WORK TO COMPLETE: Since only the words are wanted, reproduce every entry exactly and leave the images behind.

SUPPLIED MATERIAL:
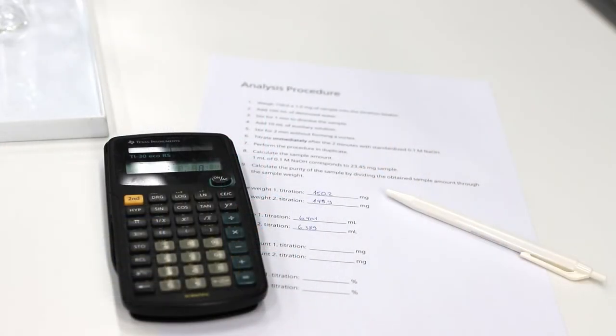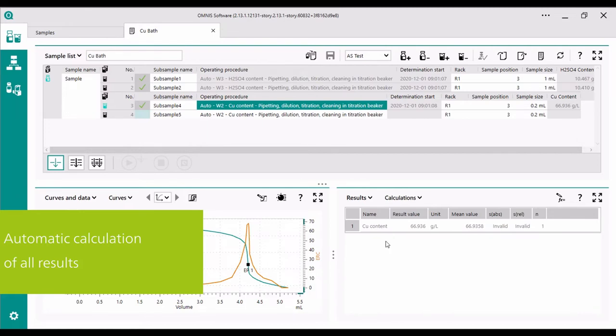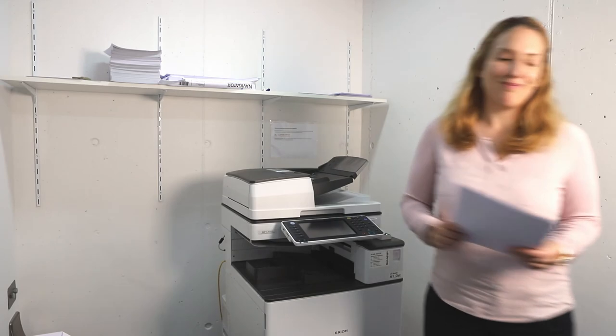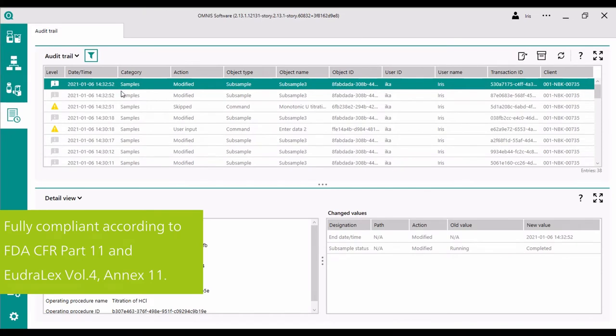After the titration is completed, I need to calculate the result and document it. With an automatic titrator, this is all done by the instrument itself. This is my reason number 4 why I switched to automatic titration. You don't have to calculate the results manually — the titrator will do this for you and display the results together with the titrant volume. Then you can print out the result, save it on a memory stick, or send it directly to your LIMS system for documentation. If you are working in a regulated environment, all steps, all changes, everything is documented, ensuring full compliance and data integrity.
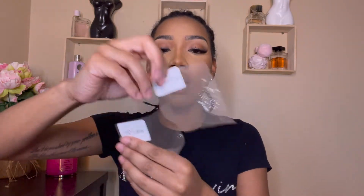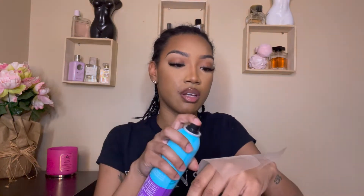Also inside the bag they gave me an edge brush, some wig caps, and two swatch pieces of lace — this is transparent lace and this is the HD lace. I'm going to do a little demo and spray them on my hand and let them melt a little bit so you can see how each one sets onto the skin. I'm just gonna take my Got2Be and spray them both on my hand.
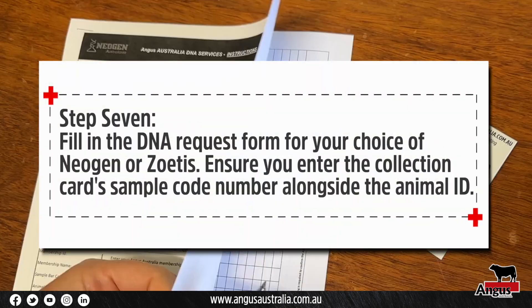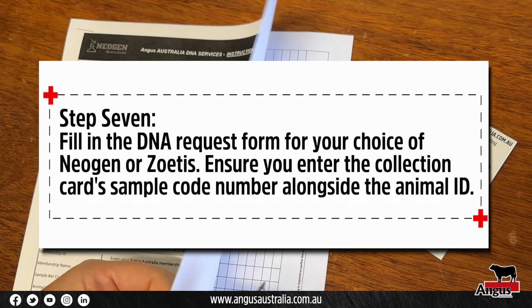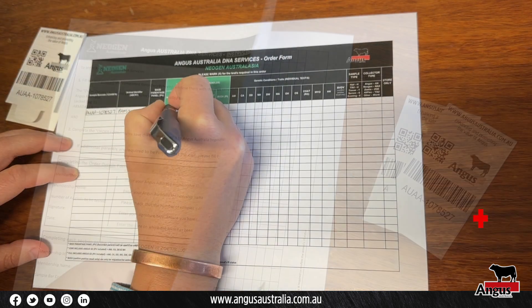Fill in the DNA request form for your choice of Neogen or Zoetis. Ensure that you record the collection card sample code number alongside the animal's ID.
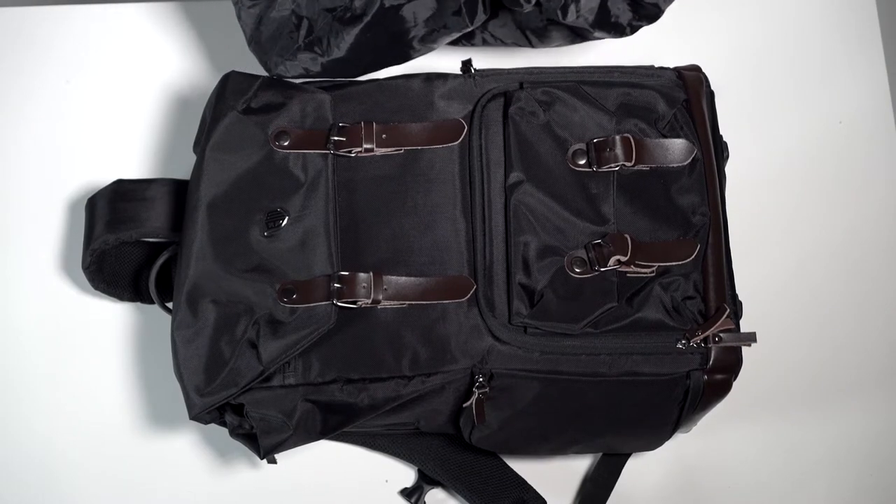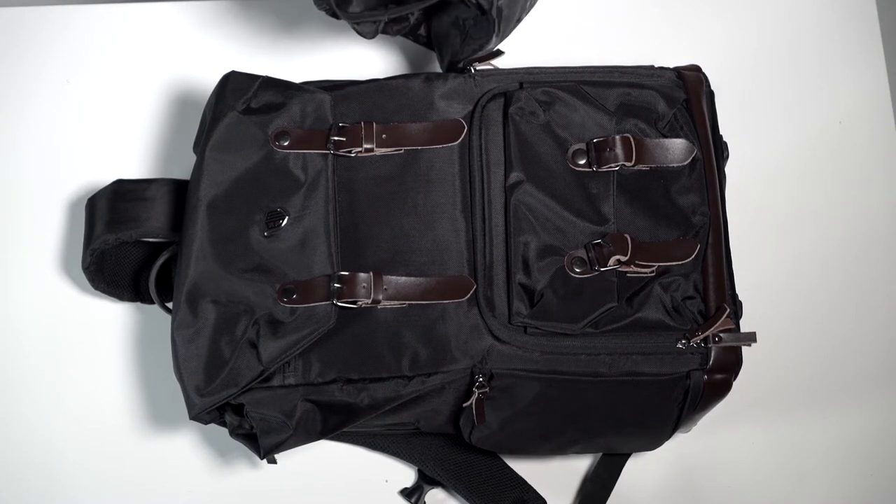In times of unexpected bad weather, the BagSmart also comes with a waterproof rain cover.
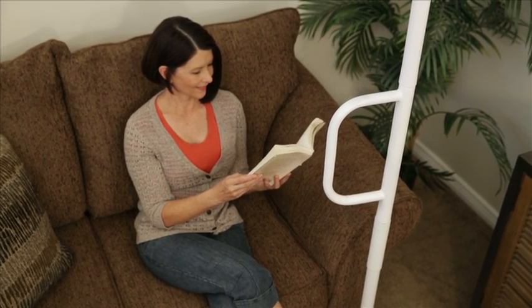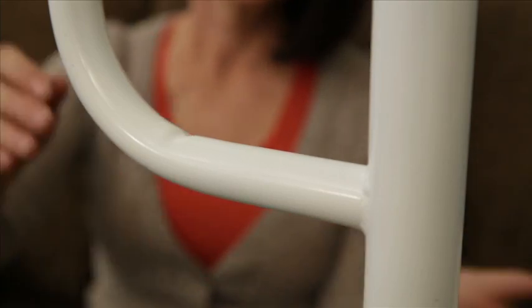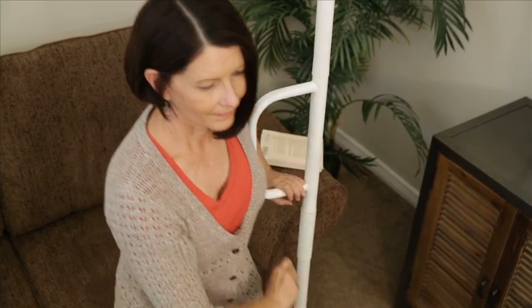If you or a loved one is having difficulty standing from a couch, chair, bed, or toilet, the AbleLife Universal Floor-to-Ceiling Grab Bar can help you stand with confidence.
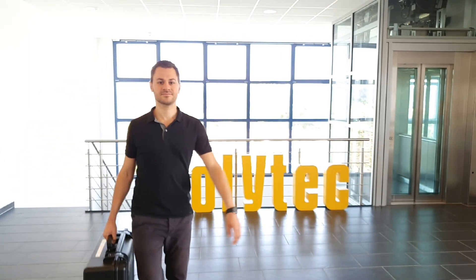In this video, Polytech's application engineer Dennis Berft will give you information about the IVS 500. Hi, I'm Dennis Berft. Let's go.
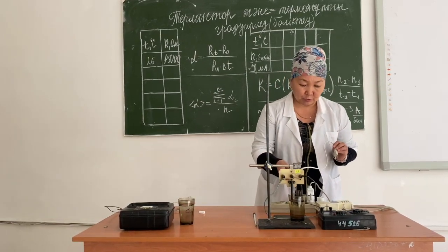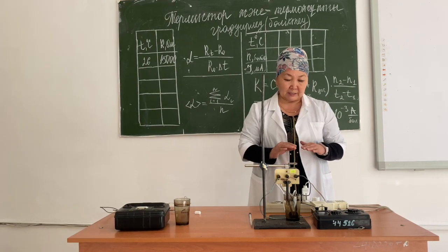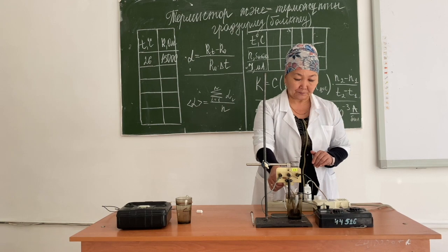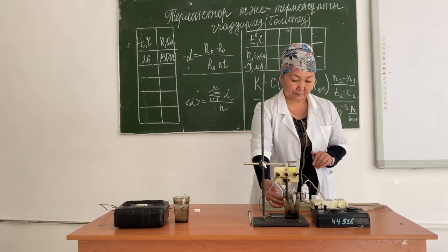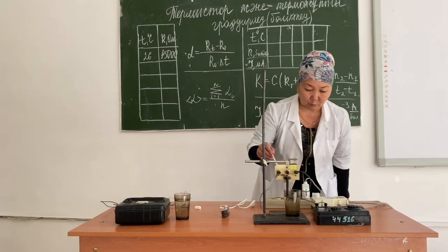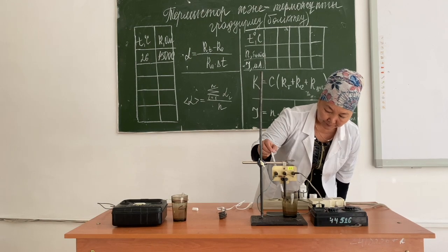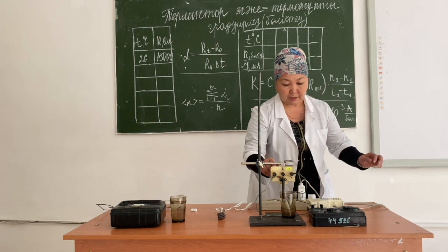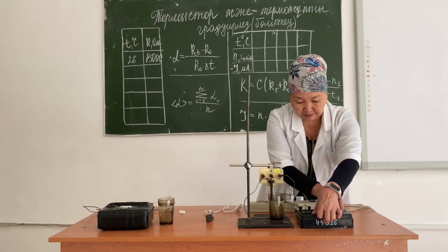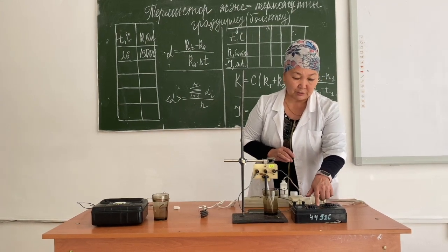Now we need to change the temperature of the thermistor. To do this, we use an ordinary water heater. We immerse the heater in water and heat it; at the same time, the temperature of the thermistor will also increase, because the thermistor will reach the same temperature as the water. At 32 degrees Celsius, we press the button, the galvanometer arrow goes to zero, and the scale shows 9 — multiplied by 1000, we get 9,000 ohms.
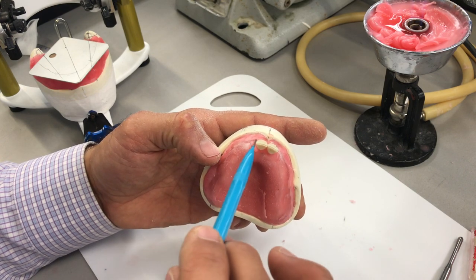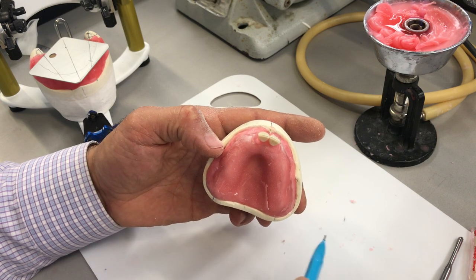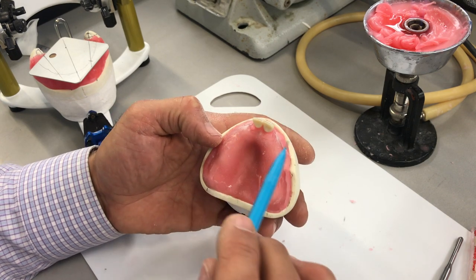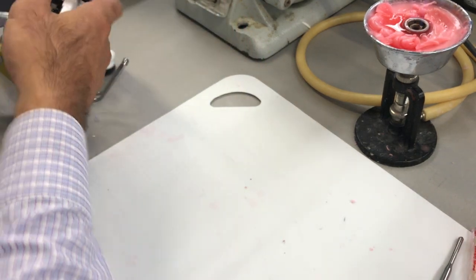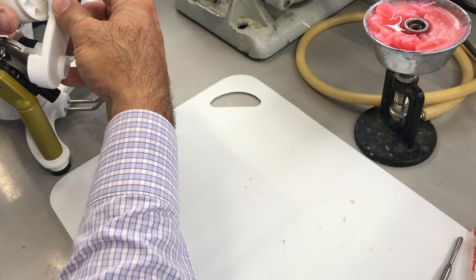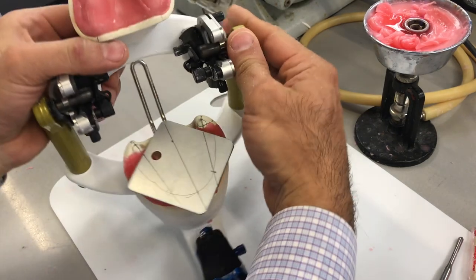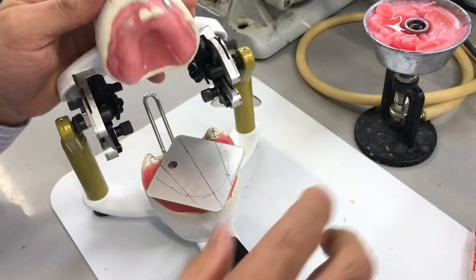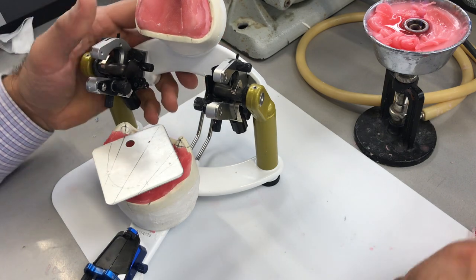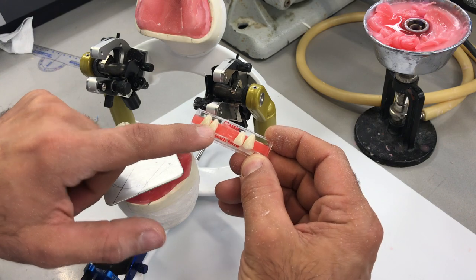Depending on the shape of the ridge, you have to start shaping toward that — whether it's tapered, square tapered, square, or ovoid. This ridge, as we talked about before, is more of a square tapered ridge. So from here on, I can move on to my laterals. I'm going to place my pin back into position. If you're right-handed, continue with the 2-2; if you're left-handed, go with the 1-2.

RESPONSE BELOW:
After the titration is completed, I need to calculate the result and document it. With an automatic titrator, this is all done by the instrument itself. This is my reason number 4 why I switched to automatic titration. You don't have to calculate the results manually — the titrator will do this for you and display the results together with the titrant volume. Then you can print out the result, save it on a memory stick, or send it directly to your LIMS system for documentation. If you are working in a regulated environment, all steps, all changes, everything is documented, ensuring full compliance and data integrity.
Also inside the bag they gave me an edge brush, some wig caps, and two swatch pieces of lace — this is transparent lace and this is the HD lace. I'm going to do a little demo and spray them on my hand and let them melt a little bit so you can see how each one sets onto the skin. I'm just gonna take my Got2Be and spray them both on my hand.
Fill in the DNA request form for your choice of Neogen or Zoetis. Ensure that you record the collection card sample code number alongside the animal's ID.
In times of unexpected bad weather, the BagSmart also comes with a waterproof rain cover.
If you or a loved one is having difficulty standing from a couch, chair, bed, or toilet, the AbleLife Universal Floor-to-Ceiling Grab Bar can help you stand with confidence.
In this video, Polytech's application engineer Dennis Berft will give you information about the IVS 500. Hi, I'm Dennis Berft. Let's go.
Now we need to change the temperature of the thermistor. To do this, we use an ordinary water heater. We immerse the heater in water and heat it; at the same time, the temperature of the thermistor will also increase, because the thermistor will reach the same temperature as the water. At 32 degrees Celsius, we press the button, the galvanometer arrow goes to zero, and the scale shows 9 — multiplied by 1000, we get 9,000 ohms.
Depending on the shape of the ridge, you have to start shaping toward that — whether it's tapered, square tapered, square, or ovoid. This ridge, as we talked about before, is more of a square tapered ridge. So from here on, I can move on to my laterals. I'm going to place my pin back into position. If you're right-handed, continue with the 2-2; if you're left-handed, go with the 1-2.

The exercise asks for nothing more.